Last week, just about the same time that Pope Francis released a groundbreaking Encyclical outlining the Catholic Church's teaching on protecting the natural world, a team of scientists released sobering report of their own. Concluding that "the average rate of vertebrate species loss over the last century is up to 114 times higher than the background rate," the authors warned in a study published in the journal Science Advances, that "these estimates reveal an exceptionally rapid loss of biodiversity over the last few centuries, indicating that a sixth mass extinction* is already under way." Reading both documents together was a helpful reminder of why I work in conservation.
Too often environmental issues get caught up in the maelstrom of politics and policy. But at its root, conserving the earth is more about values and responsibilities than it is about cost-benefit analyses and legal disputes. Pope Francis' encyclical was a helpful tonic -- a reminder, to me at least, that what animates the environmental movement, as it does all great social movements, is a moral call to action. And last week's study reminded me that nowhere is that call to action more clear than when it comes to saving the life around us.

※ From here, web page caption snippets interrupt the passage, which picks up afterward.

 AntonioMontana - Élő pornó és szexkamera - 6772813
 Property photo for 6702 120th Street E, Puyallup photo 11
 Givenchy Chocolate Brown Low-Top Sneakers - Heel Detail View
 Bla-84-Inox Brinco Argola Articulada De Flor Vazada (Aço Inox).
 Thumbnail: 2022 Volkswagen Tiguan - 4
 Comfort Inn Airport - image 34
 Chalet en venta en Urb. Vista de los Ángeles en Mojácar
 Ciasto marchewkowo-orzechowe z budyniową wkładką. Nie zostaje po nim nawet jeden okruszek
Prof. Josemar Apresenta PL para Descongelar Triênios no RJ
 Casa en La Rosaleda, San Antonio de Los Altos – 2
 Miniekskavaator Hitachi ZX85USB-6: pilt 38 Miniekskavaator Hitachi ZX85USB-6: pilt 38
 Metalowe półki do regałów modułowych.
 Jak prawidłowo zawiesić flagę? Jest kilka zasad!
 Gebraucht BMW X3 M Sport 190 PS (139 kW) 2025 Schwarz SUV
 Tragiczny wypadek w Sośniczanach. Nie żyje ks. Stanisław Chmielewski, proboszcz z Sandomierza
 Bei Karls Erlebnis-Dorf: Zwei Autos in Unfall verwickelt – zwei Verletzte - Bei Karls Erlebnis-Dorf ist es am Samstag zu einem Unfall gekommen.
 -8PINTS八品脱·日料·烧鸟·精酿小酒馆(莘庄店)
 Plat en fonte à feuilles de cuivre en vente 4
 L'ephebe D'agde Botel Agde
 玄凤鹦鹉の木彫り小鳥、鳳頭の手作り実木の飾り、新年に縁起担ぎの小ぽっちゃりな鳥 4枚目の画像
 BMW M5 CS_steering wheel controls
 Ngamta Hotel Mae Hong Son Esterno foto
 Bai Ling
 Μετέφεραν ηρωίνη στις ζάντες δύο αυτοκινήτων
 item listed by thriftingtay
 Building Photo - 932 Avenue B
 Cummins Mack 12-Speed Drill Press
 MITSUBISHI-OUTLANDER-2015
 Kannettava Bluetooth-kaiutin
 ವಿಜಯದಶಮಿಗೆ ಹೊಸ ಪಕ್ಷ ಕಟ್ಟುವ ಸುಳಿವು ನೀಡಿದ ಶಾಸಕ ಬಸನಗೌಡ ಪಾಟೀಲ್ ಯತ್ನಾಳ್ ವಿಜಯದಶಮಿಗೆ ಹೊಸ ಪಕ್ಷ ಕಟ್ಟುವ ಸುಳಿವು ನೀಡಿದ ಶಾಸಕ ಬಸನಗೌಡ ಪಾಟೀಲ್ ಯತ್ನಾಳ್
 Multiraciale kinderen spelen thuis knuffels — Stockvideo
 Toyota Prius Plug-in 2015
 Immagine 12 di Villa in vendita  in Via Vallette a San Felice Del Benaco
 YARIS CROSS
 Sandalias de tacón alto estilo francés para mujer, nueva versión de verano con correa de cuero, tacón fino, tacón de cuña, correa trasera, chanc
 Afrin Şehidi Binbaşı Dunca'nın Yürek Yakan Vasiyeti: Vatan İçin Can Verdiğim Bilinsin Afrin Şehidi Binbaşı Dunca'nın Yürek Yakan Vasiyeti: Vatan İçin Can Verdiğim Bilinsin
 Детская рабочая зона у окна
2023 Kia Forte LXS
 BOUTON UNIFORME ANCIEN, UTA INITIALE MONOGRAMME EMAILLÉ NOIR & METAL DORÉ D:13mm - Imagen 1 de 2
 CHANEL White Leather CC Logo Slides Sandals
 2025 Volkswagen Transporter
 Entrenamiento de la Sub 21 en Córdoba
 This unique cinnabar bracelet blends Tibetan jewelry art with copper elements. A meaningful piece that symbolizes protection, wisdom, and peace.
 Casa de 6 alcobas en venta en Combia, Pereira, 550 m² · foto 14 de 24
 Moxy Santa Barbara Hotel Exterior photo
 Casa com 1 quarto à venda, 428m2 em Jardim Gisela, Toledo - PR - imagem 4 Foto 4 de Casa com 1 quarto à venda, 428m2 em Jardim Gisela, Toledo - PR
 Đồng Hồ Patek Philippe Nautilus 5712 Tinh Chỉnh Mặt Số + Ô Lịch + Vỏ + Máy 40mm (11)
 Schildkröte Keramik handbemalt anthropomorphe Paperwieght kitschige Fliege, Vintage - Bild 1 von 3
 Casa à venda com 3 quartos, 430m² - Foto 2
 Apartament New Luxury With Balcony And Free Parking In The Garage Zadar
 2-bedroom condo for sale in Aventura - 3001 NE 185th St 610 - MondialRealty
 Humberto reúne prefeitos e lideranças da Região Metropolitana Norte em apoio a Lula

Again and again in his Encyclical, the Pope emphasizes the interconnectedness of all things. Drawing from ecology and the other sciences, the Pope concludes that "living species are part of a network which we will never fully explore and understand." Not only does the Pope emphasize the many practical benefits that these networks provide humanity, but their very existence also forms part of the moral case for keeping the rich array of plants and animals intact: "Because all creatures are connected, each must be cherished with love and respect, for all of us as living creatures are dependent on one another."
But the Pope does not stop with a call to preserve ecological systems. He also focuses on the inherent value of individual living beings. Citing biblical passages and Christian traditions that stress the inclusion of other animals in the moral threads that knit a community together (did you know, for example, that Exodus requires domesticated animals to be given a rest on the Sabbath?), the Pope comes to a remarkable conclusion:
Each creature has its own purpose. None is superfluous. ...The ultimate purpose of other creatures is not to be found in us. Rather, all creatures are moving forward with us and through us towards a common point of arrival, which is God.
Yet as last week's study reveals, humankind is depriving whole species from fulfilling their purpose, not only ecologically but, if one is moved by the Pope's teaching, spiritually as well. Extinction, unlike so many of the other ills that afflict our earth (even climate change) cannot be reversed. Humanity needs to do all it can to limit the damage we've done and save as many creatures as possible: for their sake.
* There are thought to have been five previous "mass extinction" events in the Earth's history, which is generally defined as a widespread and rapid decrease in the diversity and abundance of macroscopic life. The last mass extinction led to the extinction of the dinosaurs.